**Data for review**
══════════
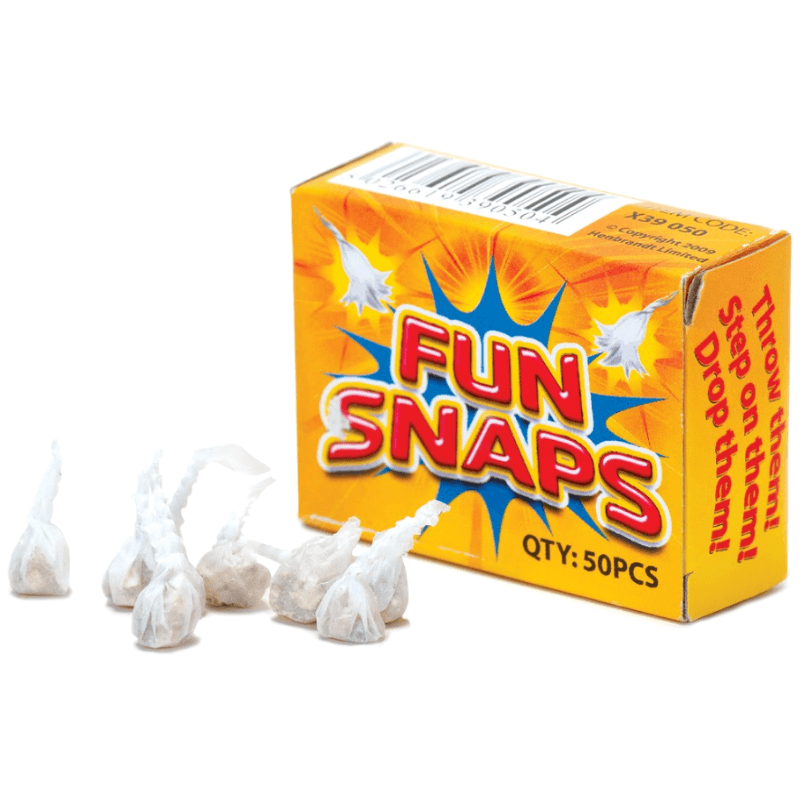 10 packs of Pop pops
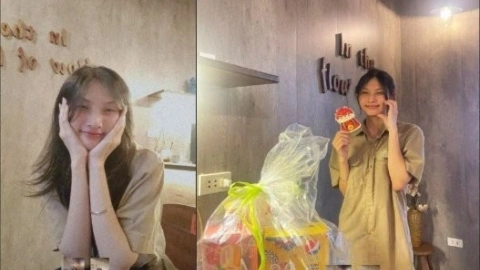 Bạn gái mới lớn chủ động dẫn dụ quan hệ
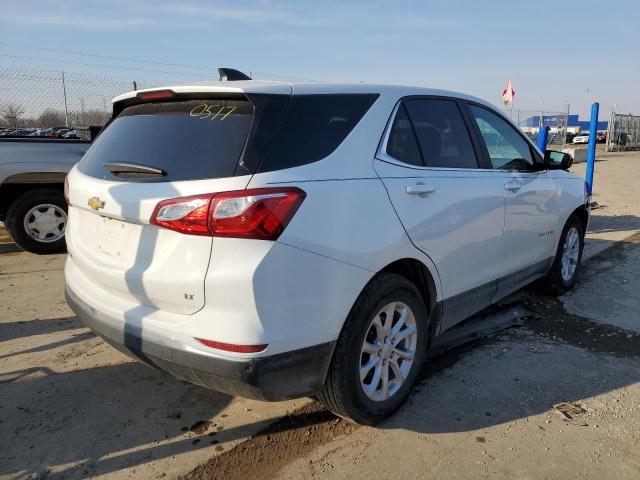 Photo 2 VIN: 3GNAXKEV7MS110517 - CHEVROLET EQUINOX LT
══════════
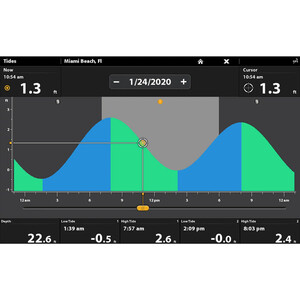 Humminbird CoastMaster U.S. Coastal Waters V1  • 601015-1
══════════
**Task to carry out**
Between and including the line with "10 packs of Pop pops" and the line with "Photo 2 VIN: 3GNAXKEV7MS110517", repeat every line exactly as it appears above, with pictures left out.

**Answer for the task**
 10 packs of Pop pops
 Bạn gái mới lớn chủ động dẫn dụ quan hệ
 Photo 2 VIN: 3GNAXKEV7MS110517 - CHEVROLET EQUINOX LT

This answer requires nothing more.